### [TASK DIRECTIONS]
Starting with the line that has "Product Image 5" in the records below and ending with the line that has "ASTON MARTIN Aston", output those lines exactly and nothing more; omit the pictures.

### [THE DATA]
........

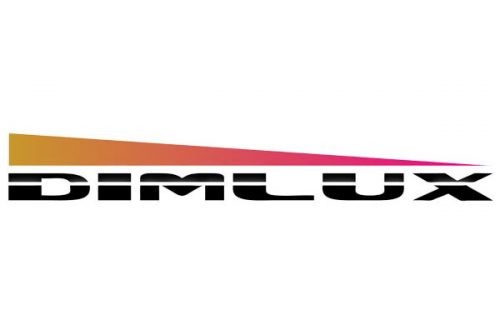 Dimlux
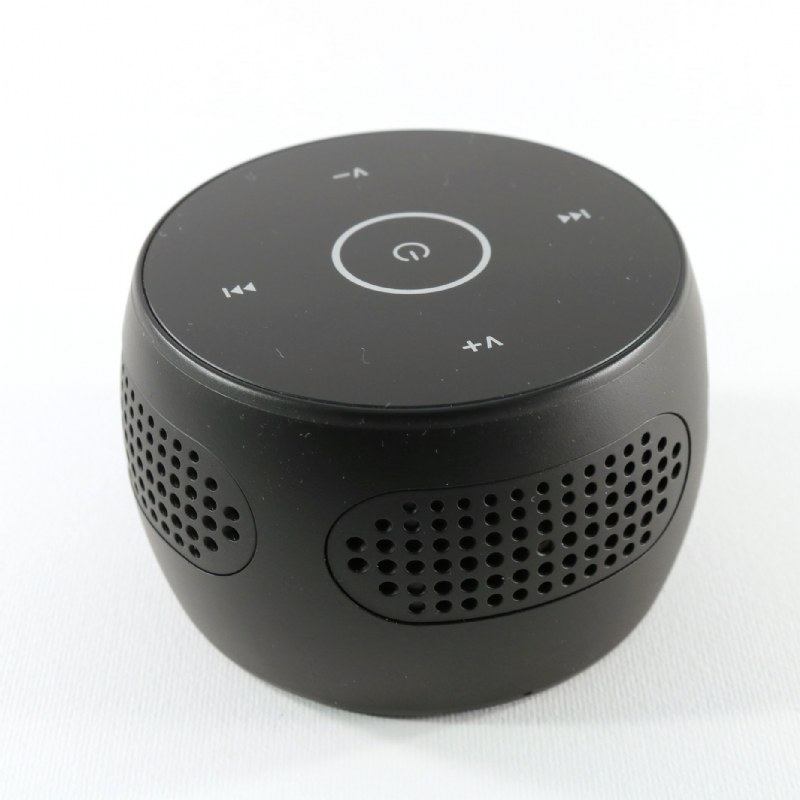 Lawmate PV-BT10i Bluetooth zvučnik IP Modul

........

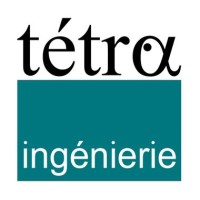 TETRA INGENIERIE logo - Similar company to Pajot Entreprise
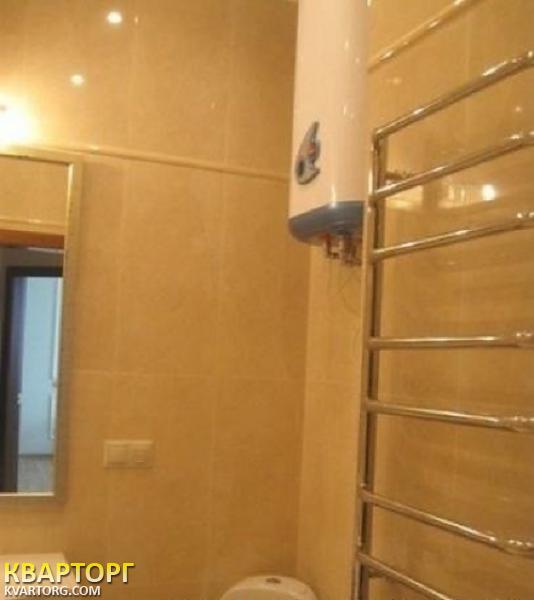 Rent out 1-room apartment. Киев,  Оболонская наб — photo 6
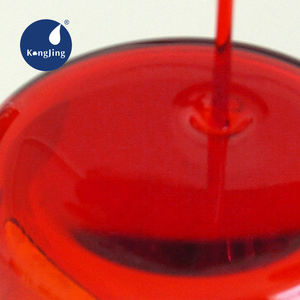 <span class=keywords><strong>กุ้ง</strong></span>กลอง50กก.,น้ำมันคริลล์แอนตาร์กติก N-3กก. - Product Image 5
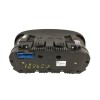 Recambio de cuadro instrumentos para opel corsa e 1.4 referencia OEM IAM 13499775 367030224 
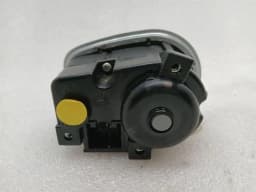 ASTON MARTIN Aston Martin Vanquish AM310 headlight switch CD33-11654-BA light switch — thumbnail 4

........

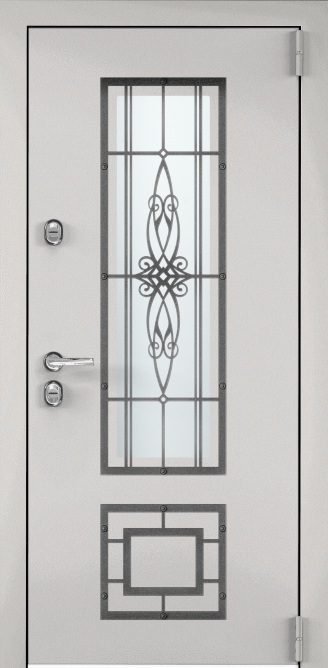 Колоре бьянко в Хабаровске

........

### [SOLUTION TO THIS TASK]
 <span class=keywords><strong>กุ้ง</strong></span>กลอง50กก.,น้ำมันคริลล์แอนตาร์กติก N-3กก. - Product Image 5
 Recambio de cuadro instrumentos para opel corsa e 1.4 referencia OEM IAM 13499775 367030224 
 ASTON MARTIN Aston Martin Vanquish AM310 headlight switch CD33-11654-BA light switch — thumbnail 4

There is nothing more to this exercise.